Un fattore decisivo però sono i tempi: entro quando deve nascere questo istituto?

«Io credo che un must sia riuscire a far decollare le attività di questo istituto dall’anno prossimo. Tenga conto che a fine anno sarà pronta la nuova sede di Fondazione Feltrinelli in Porta Volta, vorrei che là partissero le prime fasi di decollo dell’istituto».

Chi sta lavorando con lei al progetto?

«In parte lo staff e i colleghi di laboratorio Expo. Abbiamo siglato convenzioni con l’Università Statale, con la Bicocca, la Cattolica e Pavia e siamo pronti. Abbiamo colleghi e colleghe di questi atenei e buon numero di ricercatori junior».

Un anno dopo, qual è il ricordo più caro che le resta di Expo?

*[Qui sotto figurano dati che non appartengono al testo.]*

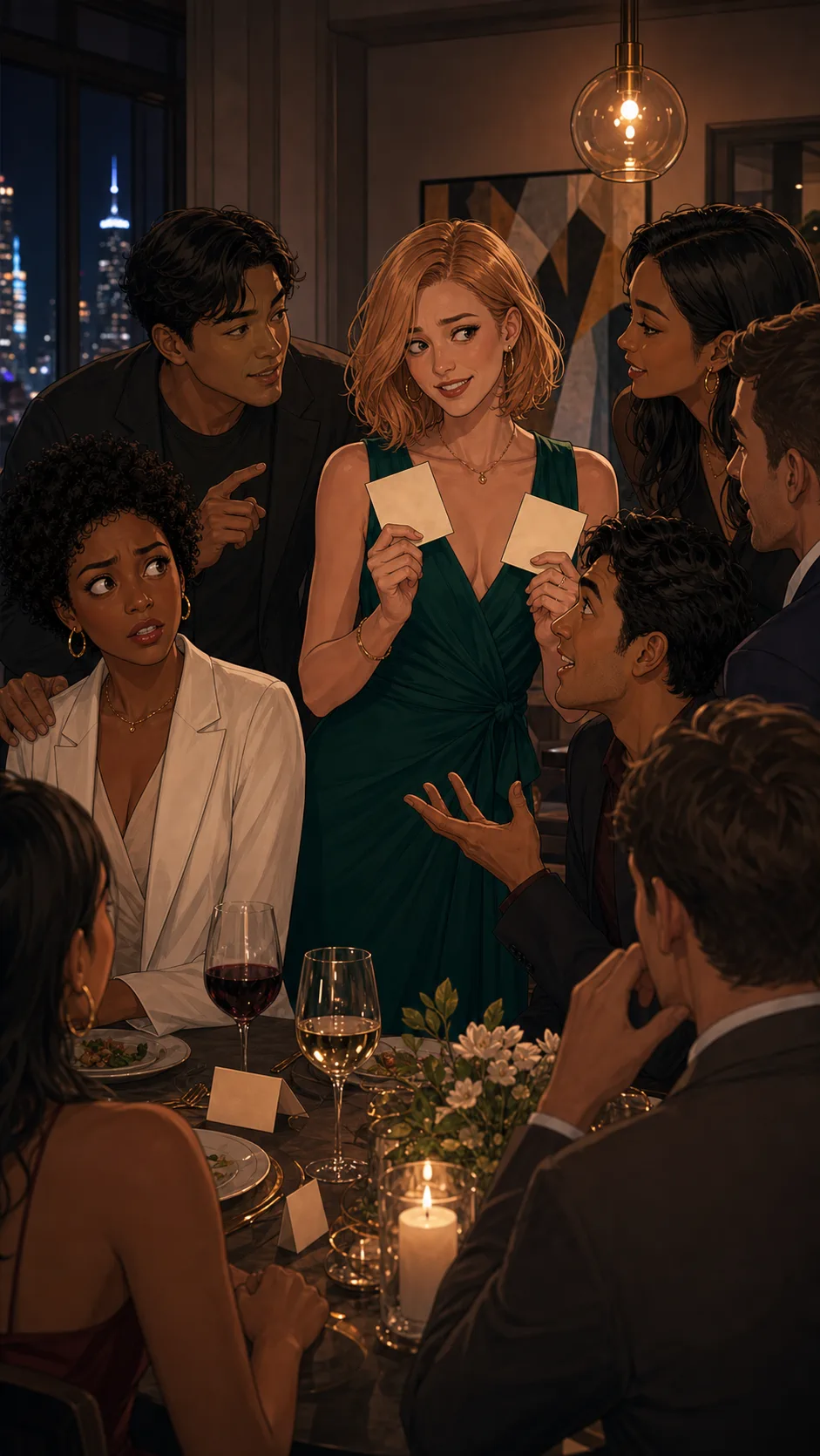 Avery freezes as guests laugh and guess from the seating notes.
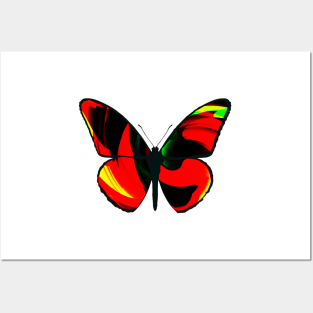 Red Green And Yellow Butterfly by Cooltomica Posters and Art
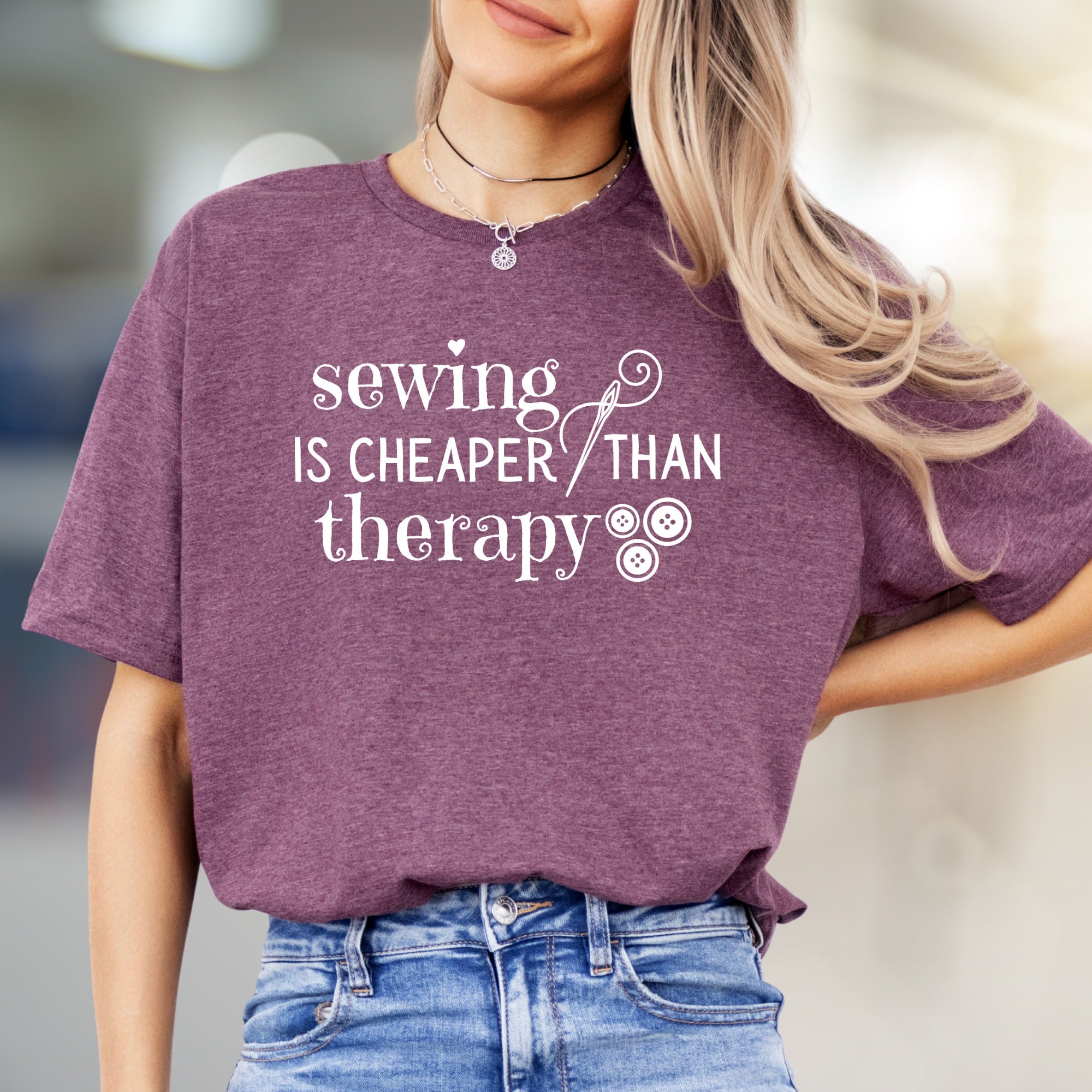 "Sewing Is Cheaper Than Therapy" Crafty Graphic Tee, A Creative Hobbyist Pick for Crafters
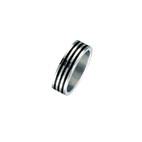 1305 Black Stripes Stainless Steel Ring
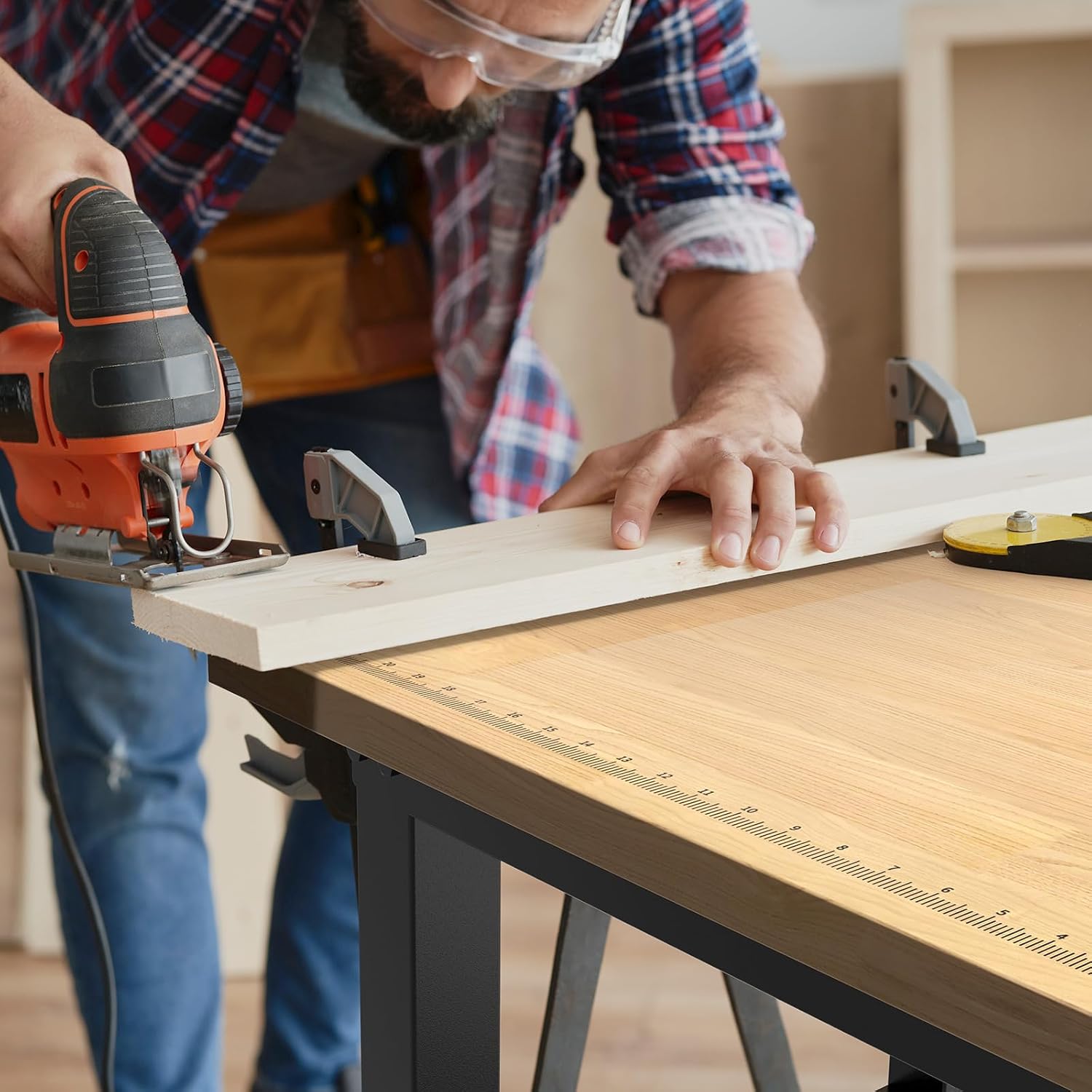 Rolling Adjustable Rubberwood Workbench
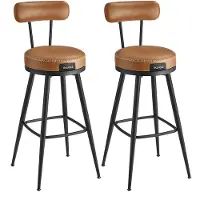 Vasagle EKHO Kollektion - Barstuhl 2er Set mit Rückenlehne drehbar karamellbraun LBC889K01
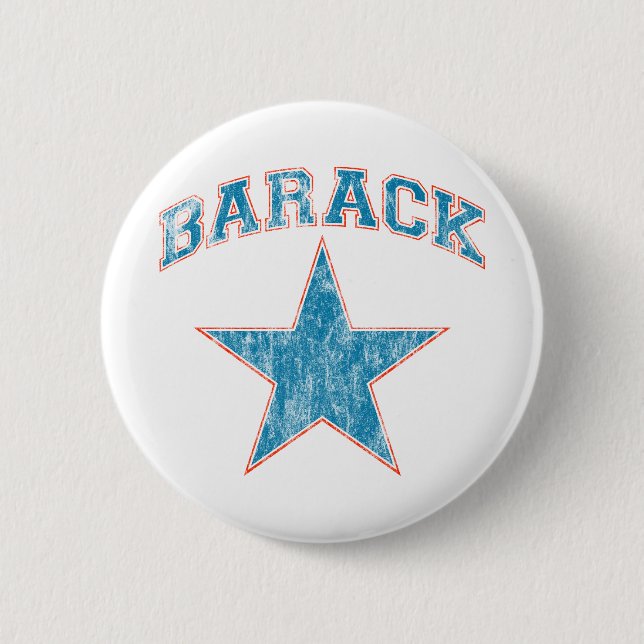 barack star 2 inch round button (Front)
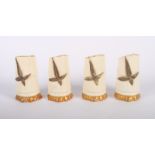A set of four Royal Worcester bud vases moulded as bamboo, 2 3/4" high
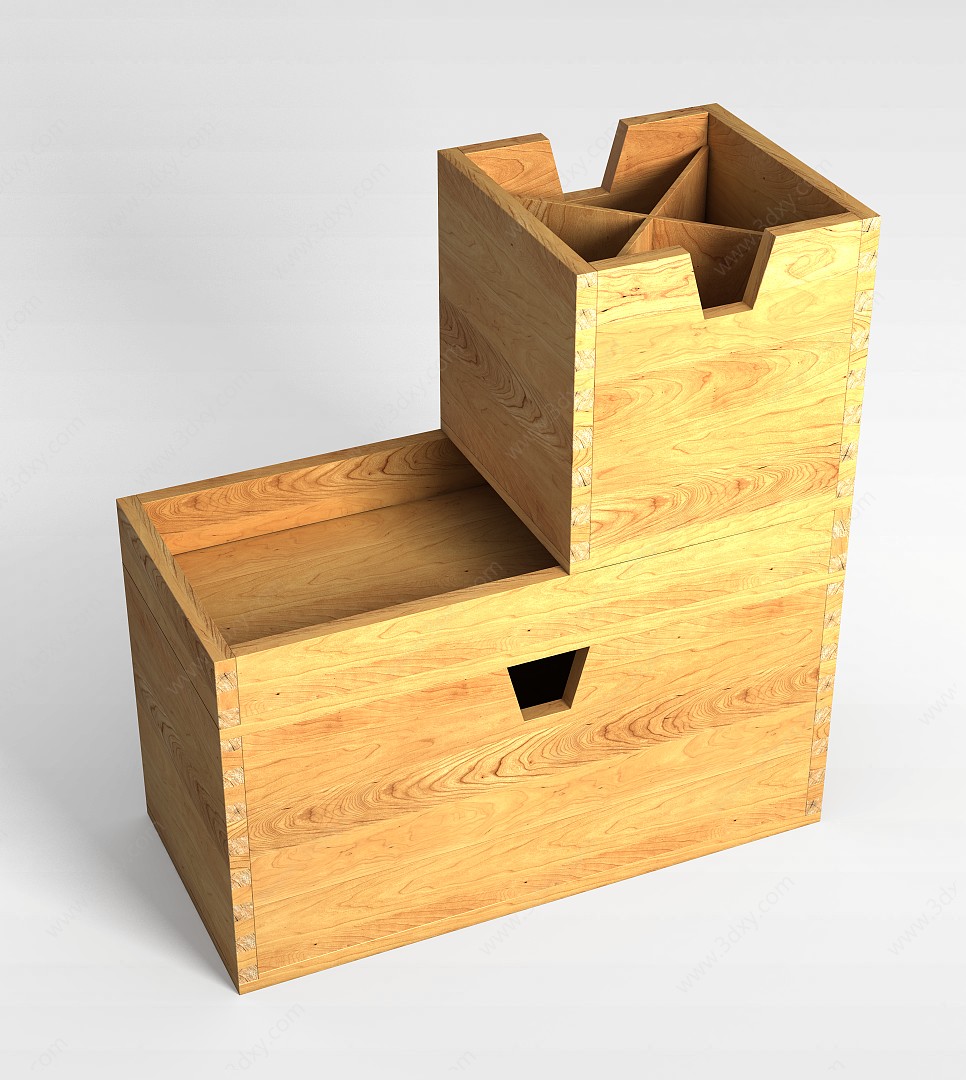 室内家居实木箱子3D模型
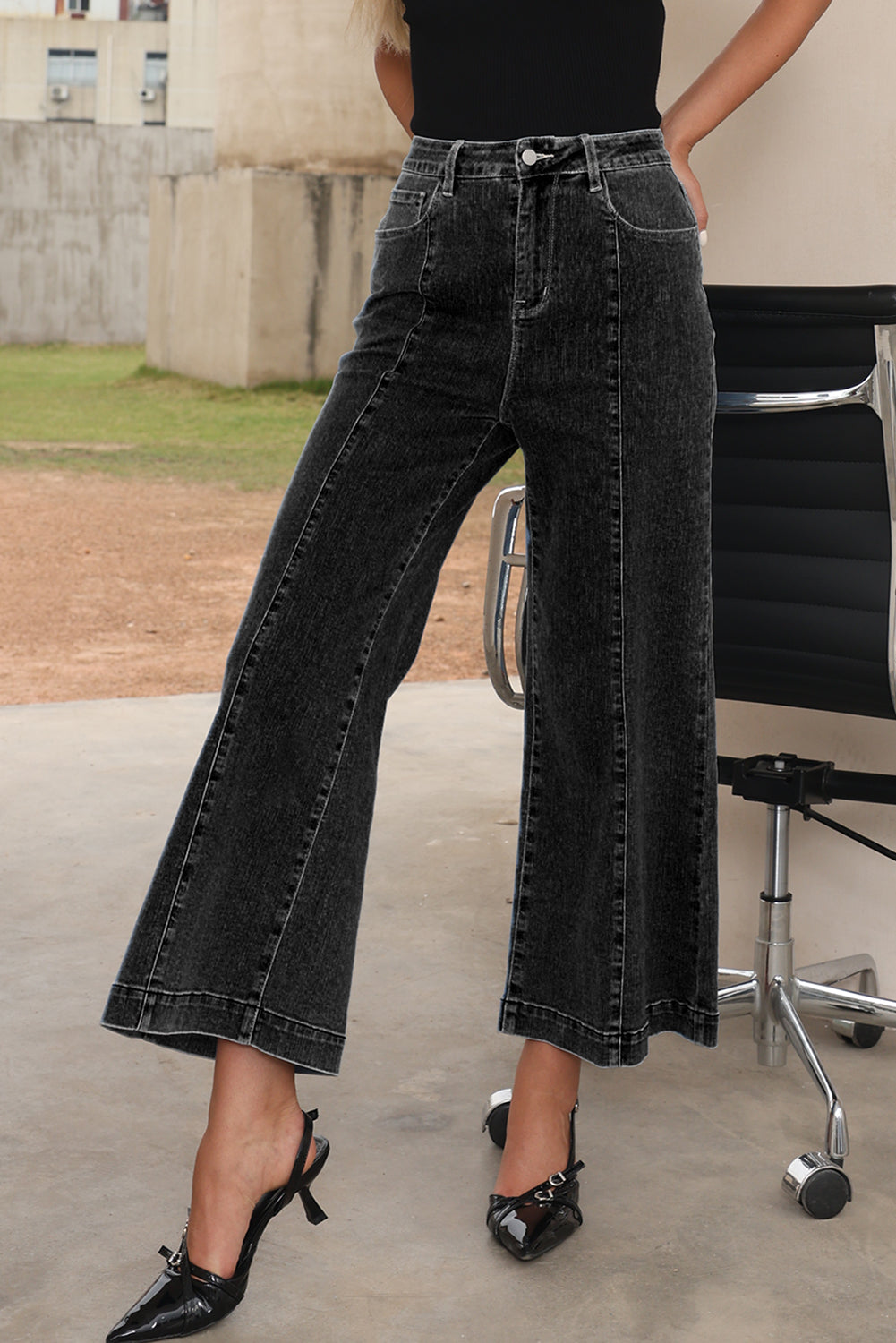 Dark Blue Plain Seam Detail Flared Bottom Ankle Length Jeans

«Ci sono stati molto momenti belli. Ricordo la presentazione della Carta a tutti i ministri dell’Agricoltura con Loscertales (Vicente, segretario generale del Bie), la Fao, con Lula (Luiz Ignacio, ex presidente del Brasile), che era in un momento più tranquillo per il Brasile rispetto a oggi. O l’incontro con Ban Ki moon, segretario generale dell’Onu. La Carta è stata tradotta in 24 lingue tra cui il coreano, temevo ci fossero errori invece era tutto corretto. Ma per quanto riguarda la percezione soggettiva il ricordo più caro era il clima di civile accoglienza e di attenzione per le persone in quel tourbillon, ricordo questo clima di civiltà dell’accoglienza».

E questo clima è rimasto a Milano?

«Un po’ è rimasto e spero prosegua questa rivoluzione silenziosa, ma per consolidarla bisogna darsi da fare. La mia è una convizione e un invito accorato».